Evidence: Across 44 tested visual features, four dispersion-based features predicted judgment correctness better than correlation itself, and models built from those features matched or exceeded existing correlation-based perceptual models for scatterplots (Yang et al., 2019).
Notes: The strongest features all describe dispersion around the regression direction.
context
Use when reviewing correlation readability
- User Goal: Improve or compare scatterplot designs for accurate reading of association strength.
- Task: Judge which of two scatterplots is more correlated, or audit a redesign for that task.
- Data: Bivariate quantitative data rendered as a point cloud.
- Chart Setting: Scatterplots, including side-by-side comparisons, where viewers infer correlation from the plotted points.
- Audience: Designers or reviewers evaluating correlation readability.
- Success Criterion: Readers can discriminate nearby correlation levels more reliably.
exceptions
Do not generalize beyond this task and chart
Break it when: The chart is not a scatterplot or the task is not judging correlation. Why: The evidence only establishes these cues for correlation discrimination in scatterplots, not for other chart families or other analytic tasks.
costs
What this review step costs
Sacrifice: A single-number review based only on Pearson r is no longer enough.

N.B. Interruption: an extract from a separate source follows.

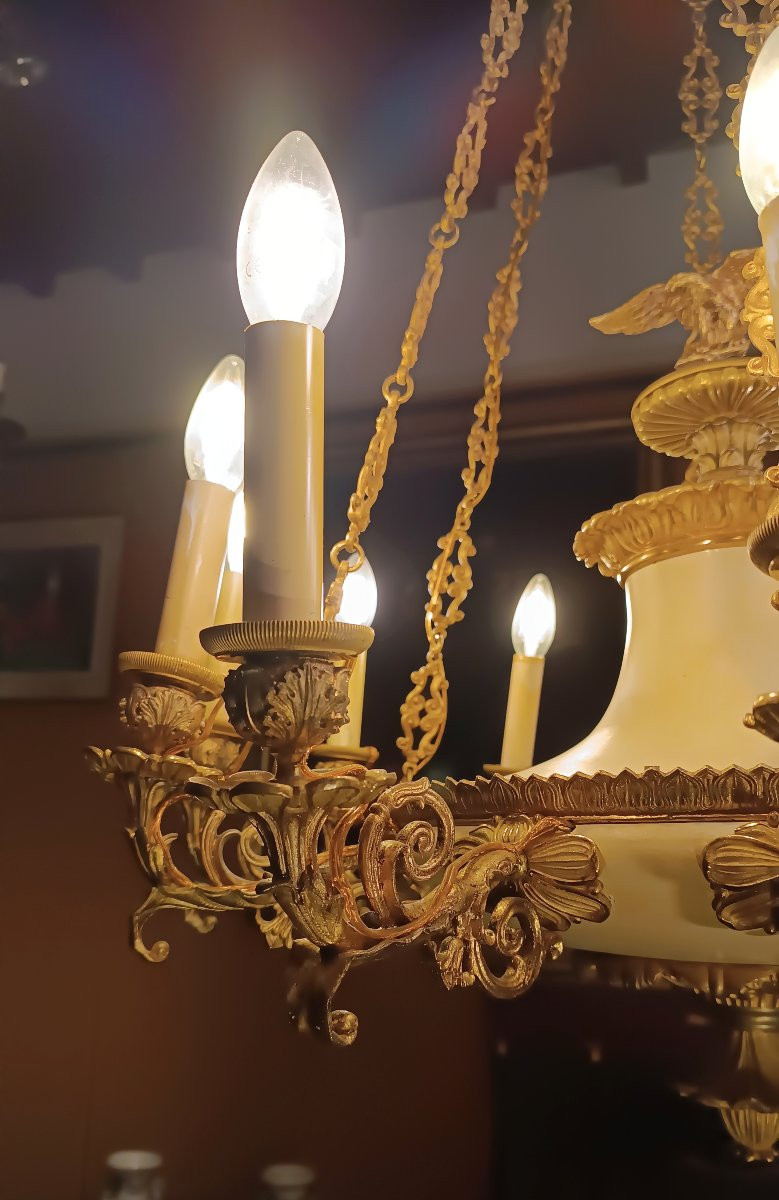 LUSTRE EMPIRE EN BRONZE SECONDE MOITIÉ DU 19ème SIÈCLE-photo-2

Risk: Checking only one cue can miss how some viewers judge correlation, because the results suggest several visual features may be used.
Mitigation: Inspect the small set of top-performing dispersion cues together instead of relying on one proxy.
mistakes
Common review failure
Mistake: Accept a scatterplot revision because the data have the intended r values without checking the visible point-cloud features. Why it fails: Judgment correctness tracked dispersion-based features more closely than correlation alone.
check
How to test the revision
Failure Sign: Two versions with different intended correlation readability still look similarly wide or similarly compact around the trend.

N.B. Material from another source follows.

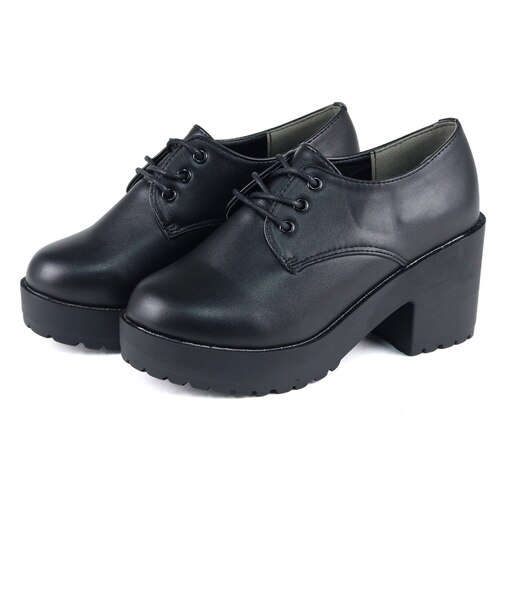 8cm厚底チャンキーヒールオックスフォードシューズ (3021)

Quick Check: Compare candidate versions on perpendicular spread, prediction-ellipse area, minor-axis length, and confidence-box width.
Stronger Test: Model observed judgments with those features and verify that the feature-based fit matches or exceeds the correlation-only baseline.
fix
What to change next
- Add the four top-performing dispersion cues to the review checklist for correlation-focused scatterplots.
- Recompute or reinspect those cues after every encoding change that alters the point cloud.
- Reject a revision when it improves the numeric correlation contrast but weakens visible separation in those dispersion cues.